Input records below:
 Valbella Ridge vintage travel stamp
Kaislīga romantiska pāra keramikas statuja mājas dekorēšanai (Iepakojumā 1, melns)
End of Input records.
Input records below:
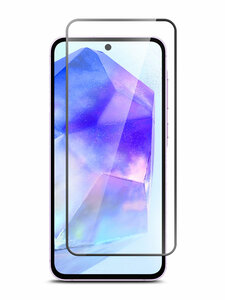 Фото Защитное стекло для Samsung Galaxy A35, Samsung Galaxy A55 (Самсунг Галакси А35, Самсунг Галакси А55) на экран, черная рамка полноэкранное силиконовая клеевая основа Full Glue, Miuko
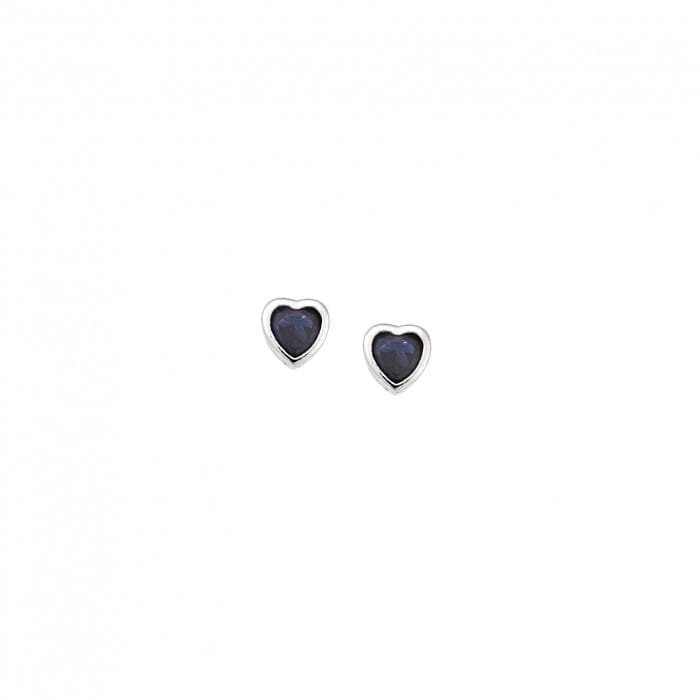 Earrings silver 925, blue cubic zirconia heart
End of Input records.
Input records below:
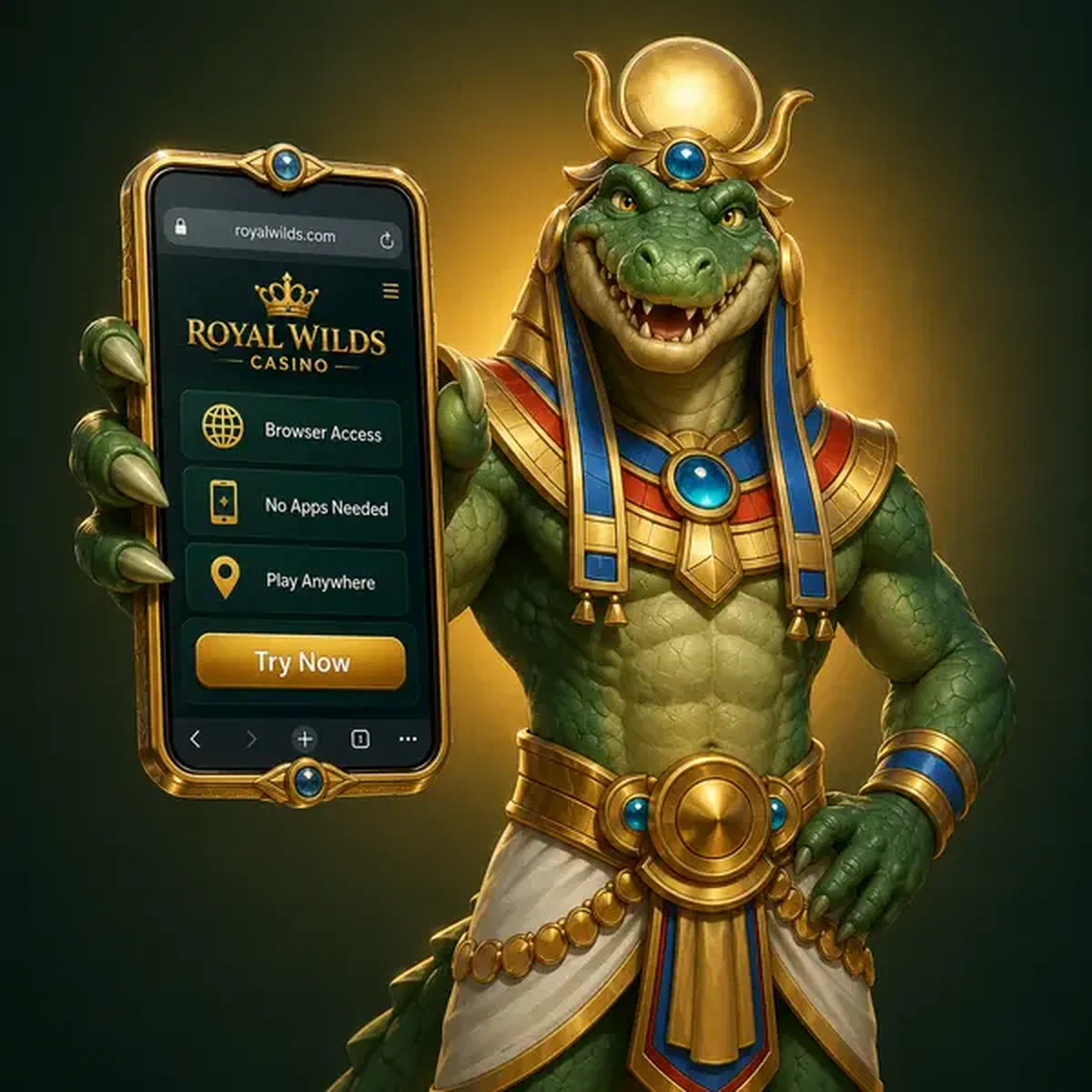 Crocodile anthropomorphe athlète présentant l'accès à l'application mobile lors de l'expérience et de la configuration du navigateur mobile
End of Input records.
Above, find the line holding "Фото Защитное стекло" and the line holding "Earrings silver 925, blue". Print exactly those two lines and every line between them, but no pictures.

 Фото Защитное стекло для Samsung Galaxy A35, Samsung Galaxy A55 (Самсунг Галакси А35, Самсунг Галакси А55) на экран, черная рамка полноэкранное силиконовая клеевая основа Full Glue, Miuko
 Earrings silver 925, blue cubic zirconia heart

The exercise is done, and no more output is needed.